方向音痴な女のひとり旅!名古屋→東京ブルーノート編(2)|ゴニョ研

2018年3月8日笑える小話と家族のエッセイ

この後の2nd も聴く私は8時20分の開場を待つ。
2ndでは私は自由席47番。
今度は20代と30代前半と思しき男性2人組と相席になった。

会話から察すると、どうも2人とも音楽関係の仕事で、もう何度もロイのステージを見ているらしい。
ロイたちが登場すると私の隣の男性が、すかさず

「イェイッ」

えっ? 素晴らしい「イェイッ」。
私はあなたの、その声に、「イェイッ」って言ってあげたい。

その後何度も、そのタイミングと声の張りに感嘆する。

ステージ上もロイは1st の不調が嘘のように、息をのむ早いフレーズを全くぶれなく吹きまくる。まさにこのバンドは世界最高峰だ。

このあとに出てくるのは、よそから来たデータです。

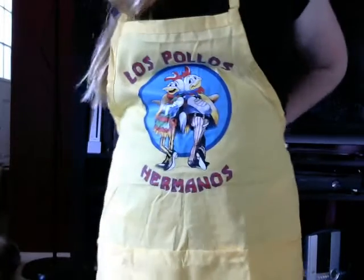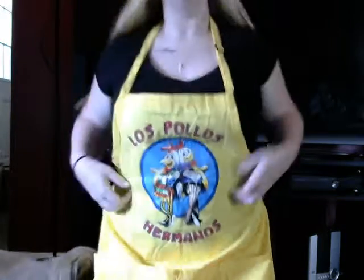Next is the Los Pollos Hermanos apron. Let me stand up — this is what it looks like, let me tie it. It's from Breaking Bad, so a nice little cooking apron to get you going for your cooking, grilling, or whatever you do at the trailer where they sell food.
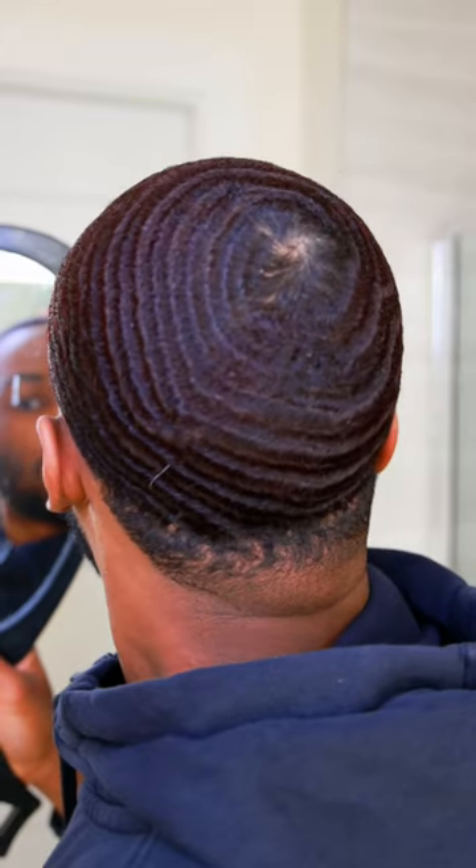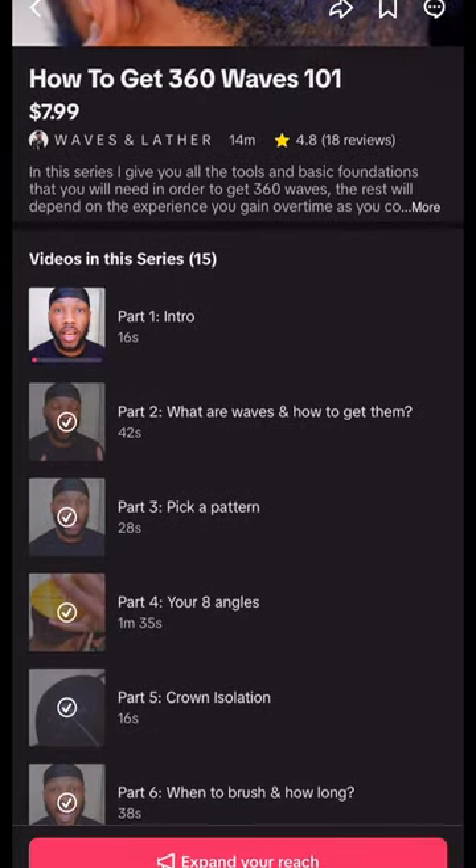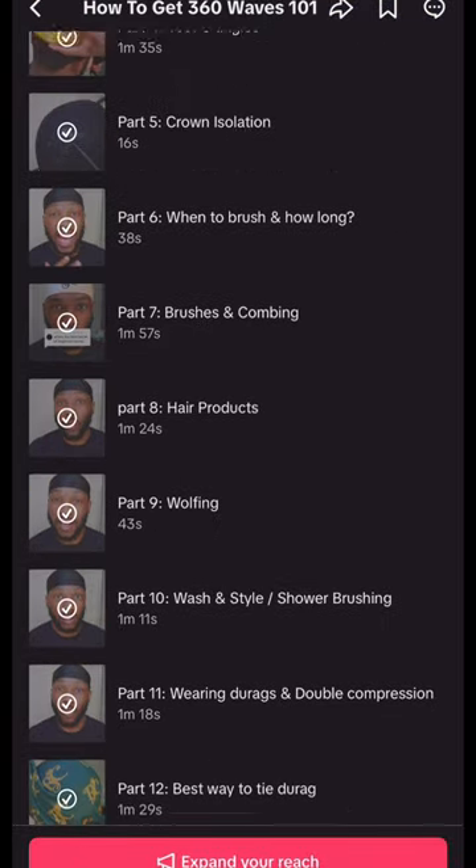Since I am going to be giving up my 360 waves for a very, very long time, why not do a brush session one last time? With that being said, go ahead and grab your soft brush, start brushing from your crown, work down to your hairline. You want to make sure you hit all eight angles. If you don't know your eight angles, be sure to check out my 14 video series on my TikTok account where I teach you all your 360 wave basics and fundamentals.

終演後、Mr.イェイッと話をすると、彼はトランぺッターなのだそうだ。
どおりですべてが音楽的。

ガッツ
私、海野さんの大ファンなんです!

もちろん誰もそんなことは私に尋ねていないが言いたかった。

Mr.イェイッ
そうなんですか、じゃあ彼が日本にいる時から?

ガッツ
あ、いや、1か月前くらいから聴き始めたんですけど。

にわかファンばればれで、バツが悪いことこの上ない。

Mr.イェイッ
でも、詳しいんですよね、曲名、むっちゃメモッてましたもんね。

いや、曲名なんて、全く分からんよ。ロイの曲なんて、難しくてテーマも覚えられんもんね。2曲聴いたら同じ曲か違う曲かもわからんくらい。メモってたのは、ロイの服装とか、こうやって出てきたとか、ドラムセットのシンバルの形が面白いとか、ドラムのクインシーが汗を拭きながら叩くのがかっこいいとか、どうでもいいことばっか。

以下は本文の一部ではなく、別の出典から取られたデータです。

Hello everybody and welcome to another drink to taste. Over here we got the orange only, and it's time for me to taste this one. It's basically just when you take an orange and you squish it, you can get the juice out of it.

でも、明らかにジャズのスタンダードだけど、タイトルがわからない曲は、ちょっとだけ聴きとれたとこを「ドレミ」で書く。
後で調べてわかった “Never Let Me Go” は「ソラミラソー」。
そんなことしゃべっていたら、Mr.イェイッが指さして言った。

Mr.イェイッ
あ、海野さん、あそこにいますよ!
数メートル先で海野さんが、お客さんのひとりと話しておられる。
しばし見とれるものの、声をかけられる雰囲気ではない。